[Opening Information given section]
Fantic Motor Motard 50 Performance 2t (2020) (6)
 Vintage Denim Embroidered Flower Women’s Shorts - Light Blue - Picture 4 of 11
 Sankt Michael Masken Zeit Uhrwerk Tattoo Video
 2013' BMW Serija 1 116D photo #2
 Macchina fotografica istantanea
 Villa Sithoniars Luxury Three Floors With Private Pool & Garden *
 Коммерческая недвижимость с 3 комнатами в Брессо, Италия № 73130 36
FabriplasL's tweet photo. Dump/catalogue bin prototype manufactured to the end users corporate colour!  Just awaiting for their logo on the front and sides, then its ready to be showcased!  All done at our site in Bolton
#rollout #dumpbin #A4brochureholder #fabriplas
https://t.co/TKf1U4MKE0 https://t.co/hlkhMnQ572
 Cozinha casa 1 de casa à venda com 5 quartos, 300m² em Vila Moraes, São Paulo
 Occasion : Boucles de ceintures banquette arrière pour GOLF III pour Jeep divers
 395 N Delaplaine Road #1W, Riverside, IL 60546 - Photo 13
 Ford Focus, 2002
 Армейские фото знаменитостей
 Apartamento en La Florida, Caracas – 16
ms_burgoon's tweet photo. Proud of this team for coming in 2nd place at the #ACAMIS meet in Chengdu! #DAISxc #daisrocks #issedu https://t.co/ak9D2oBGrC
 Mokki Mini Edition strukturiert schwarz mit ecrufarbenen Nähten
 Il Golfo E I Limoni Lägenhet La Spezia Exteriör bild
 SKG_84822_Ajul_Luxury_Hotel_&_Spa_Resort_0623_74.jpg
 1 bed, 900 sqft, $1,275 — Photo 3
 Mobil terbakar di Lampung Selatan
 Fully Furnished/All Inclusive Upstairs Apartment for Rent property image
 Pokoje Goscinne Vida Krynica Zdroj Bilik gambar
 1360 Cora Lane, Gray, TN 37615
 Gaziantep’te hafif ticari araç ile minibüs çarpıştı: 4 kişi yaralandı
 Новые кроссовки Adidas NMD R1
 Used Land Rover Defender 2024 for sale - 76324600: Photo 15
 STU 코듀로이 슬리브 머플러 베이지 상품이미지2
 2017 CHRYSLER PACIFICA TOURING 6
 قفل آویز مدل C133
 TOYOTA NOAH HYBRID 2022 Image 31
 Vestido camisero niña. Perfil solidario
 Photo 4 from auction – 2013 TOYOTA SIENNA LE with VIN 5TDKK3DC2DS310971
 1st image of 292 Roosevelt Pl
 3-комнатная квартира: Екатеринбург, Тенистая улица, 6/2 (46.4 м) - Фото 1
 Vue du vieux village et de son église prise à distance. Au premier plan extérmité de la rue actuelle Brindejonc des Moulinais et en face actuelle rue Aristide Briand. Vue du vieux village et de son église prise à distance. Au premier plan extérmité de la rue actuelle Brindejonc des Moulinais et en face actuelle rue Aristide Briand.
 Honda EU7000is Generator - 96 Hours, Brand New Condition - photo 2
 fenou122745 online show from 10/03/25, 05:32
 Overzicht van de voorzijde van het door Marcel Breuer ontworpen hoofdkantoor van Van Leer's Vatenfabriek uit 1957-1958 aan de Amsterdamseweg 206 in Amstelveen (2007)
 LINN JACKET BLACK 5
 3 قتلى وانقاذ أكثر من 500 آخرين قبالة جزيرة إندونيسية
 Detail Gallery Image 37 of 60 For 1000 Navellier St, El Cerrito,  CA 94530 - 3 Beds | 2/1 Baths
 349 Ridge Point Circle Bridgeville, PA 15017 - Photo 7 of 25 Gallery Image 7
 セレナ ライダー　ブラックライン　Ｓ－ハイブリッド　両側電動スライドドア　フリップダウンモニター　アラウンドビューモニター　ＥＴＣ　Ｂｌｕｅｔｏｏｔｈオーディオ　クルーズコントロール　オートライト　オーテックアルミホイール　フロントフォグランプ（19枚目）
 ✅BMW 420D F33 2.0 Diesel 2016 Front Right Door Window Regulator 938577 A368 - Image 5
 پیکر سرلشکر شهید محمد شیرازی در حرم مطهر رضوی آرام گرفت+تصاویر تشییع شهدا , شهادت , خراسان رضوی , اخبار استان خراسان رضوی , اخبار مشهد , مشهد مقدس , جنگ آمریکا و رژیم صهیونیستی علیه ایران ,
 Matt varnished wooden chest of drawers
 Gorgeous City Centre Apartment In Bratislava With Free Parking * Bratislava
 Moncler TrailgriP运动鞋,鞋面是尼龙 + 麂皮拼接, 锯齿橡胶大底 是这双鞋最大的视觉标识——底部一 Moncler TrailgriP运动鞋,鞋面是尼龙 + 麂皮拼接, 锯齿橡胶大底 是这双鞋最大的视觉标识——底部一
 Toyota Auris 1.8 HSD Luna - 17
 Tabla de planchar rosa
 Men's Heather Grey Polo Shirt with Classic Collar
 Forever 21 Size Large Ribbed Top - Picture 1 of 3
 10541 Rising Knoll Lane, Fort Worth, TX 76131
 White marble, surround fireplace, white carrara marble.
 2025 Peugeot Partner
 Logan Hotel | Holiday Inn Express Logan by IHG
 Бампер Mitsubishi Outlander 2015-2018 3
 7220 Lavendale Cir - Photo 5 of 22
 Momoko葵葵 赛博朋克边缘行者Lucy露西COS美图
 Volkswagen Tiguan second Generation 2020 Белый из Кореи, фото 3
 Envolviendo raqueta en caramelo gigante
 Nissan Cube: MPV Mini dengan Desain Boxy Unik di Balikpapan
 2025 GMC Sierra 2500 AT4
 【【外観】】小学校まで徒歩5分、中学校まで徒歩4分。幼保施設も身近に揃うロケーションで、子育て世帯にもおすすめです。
[Closing Information given section]
Nothing but the lines from the one with "Men's Heather Grey" through the last line of the entries should be repeated, and those exactly.

Written answer.
 Men's Heather Grey Polo Shirt with Classic Collar
 Forever 21 Size Large Ribbed Top - Picture 1 of 3
 10541 Rising Knoll Lane, Fort Worth, TX 76131
 White marble, surround fireplace, white carrara marble.
 2025 Peugeot Partner
 Logan Hotel | Holiday Inn Express Logan by IHG
 Бампер Mitsubishi Outlander 2015-2018 3
 7220 Lavendale Cir - Photo 5 of 22
 Momoko葵葵 赛博朋克边缘行者Lucy露西COS美图
 Volkswagen Tiguan second Generation 2020 Белый из Кореи, фото 3
 Envolviendo raqueta en caramelo gigante
 Nissan Cube: MPV Mini dengan Desain Boxy Unik di Balikpapan
 2025 GMC Sierra 2500 AT4
 【【外観】】小学校まで徒歩5分、中学校まで徒歩4分。幼保施設も身近に揃うロケーションで、子育て世帯にもおすすめです。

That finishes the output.